Segment Open

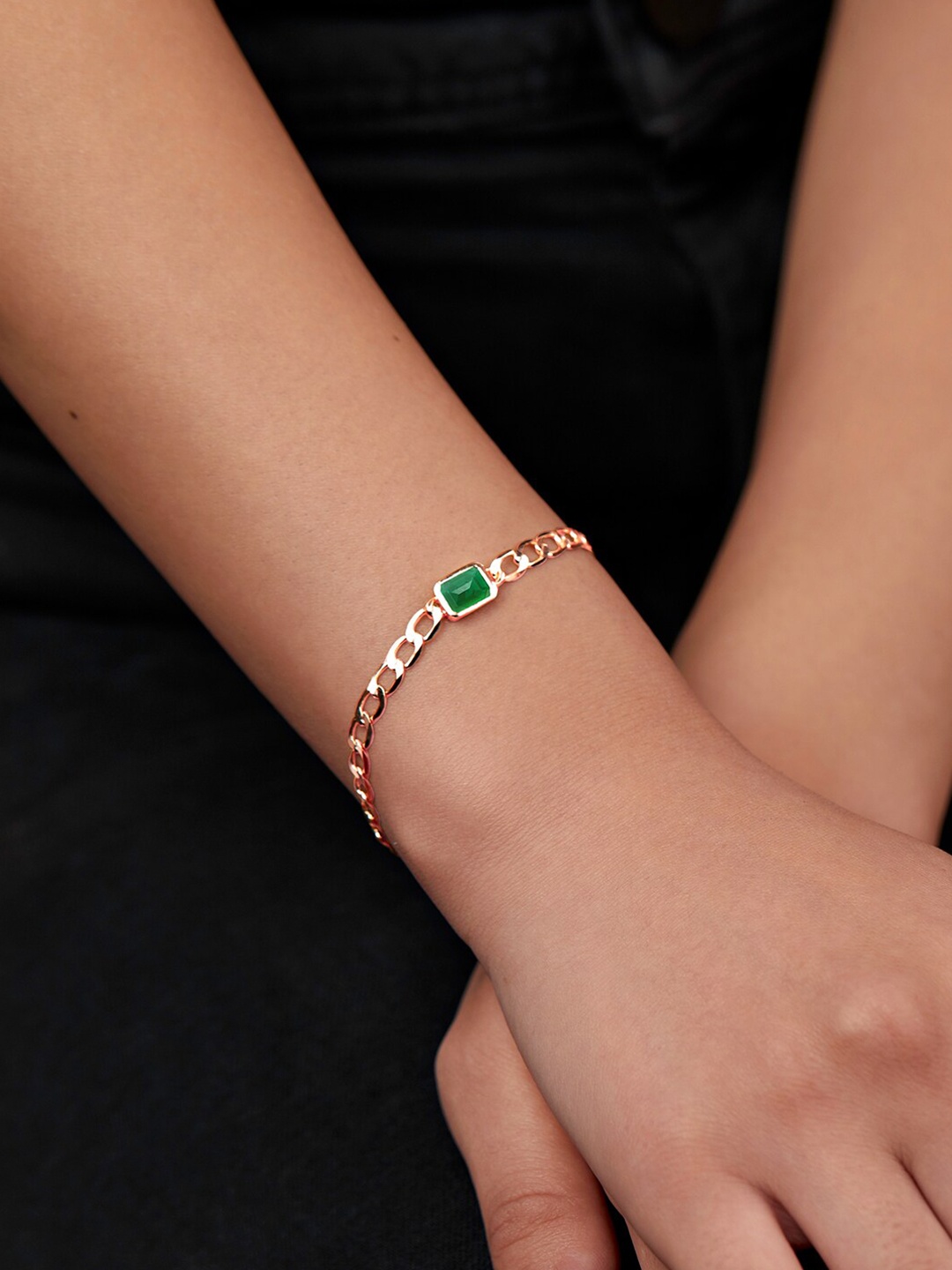 

MINUTIAE Brass Rose Gold-Plated Crystals Studded Link Bracelet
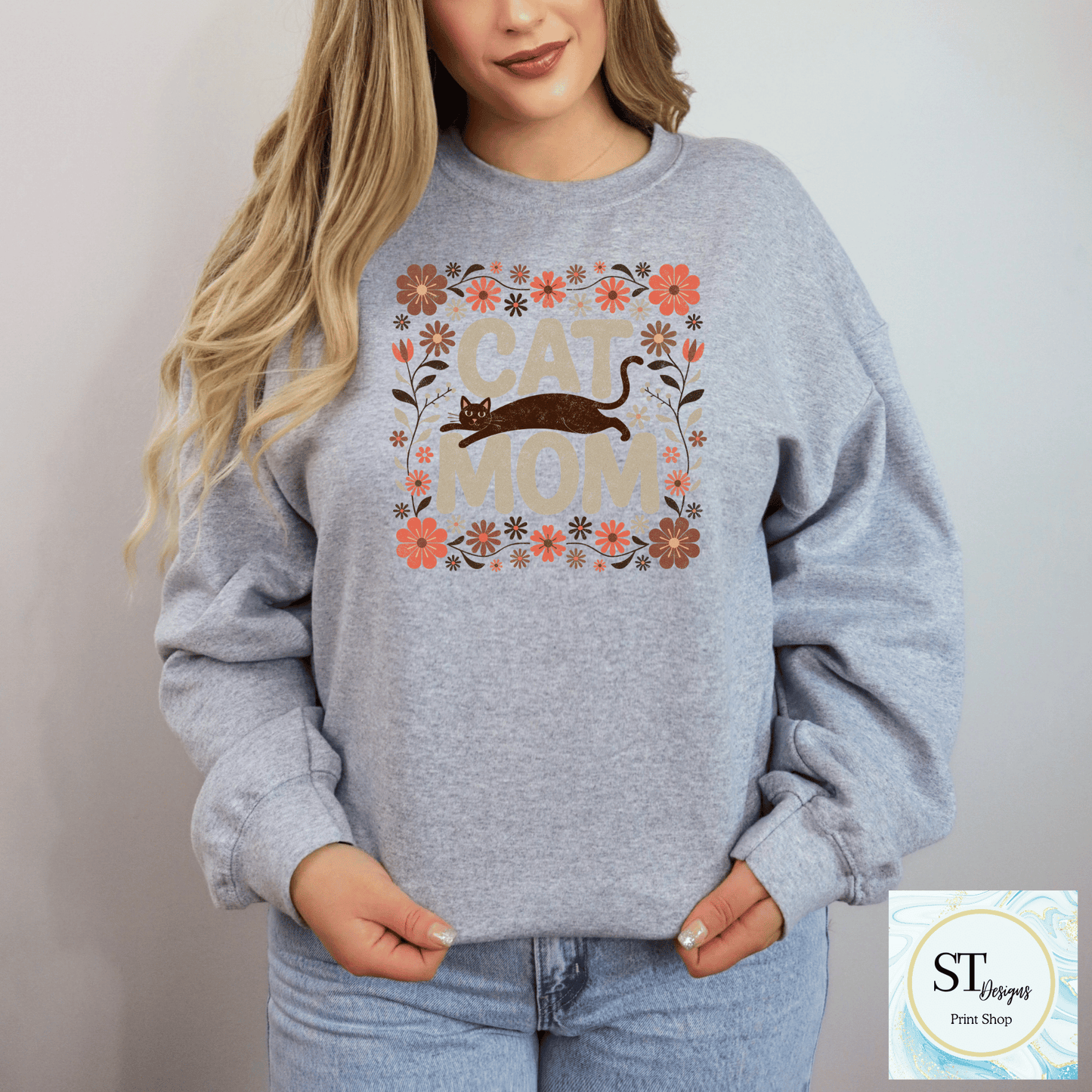 Cat Mom Floral Cat Lover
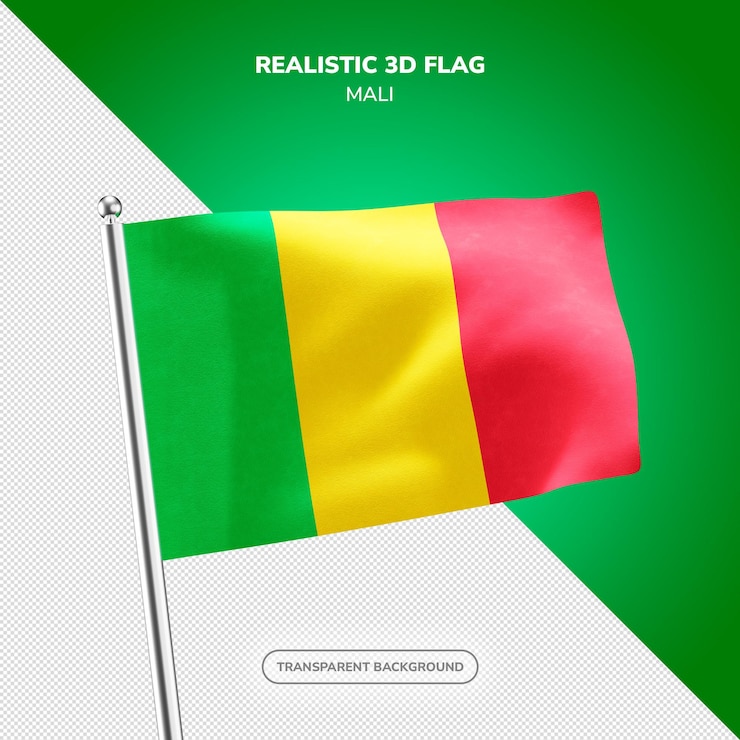 PSD rendering de drapeau 3d réaliste de psd mali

Segment Closed

**Work to be completed**: Please restate word for word each line from the one containing "Cat Mom Floral Cat Lover" to the end of the data above, without the pictures.

**Finished exercise**:
 Cat Mom Floral Cat Lover
 PSD rendering de drapeau 3d réaliste de psd mali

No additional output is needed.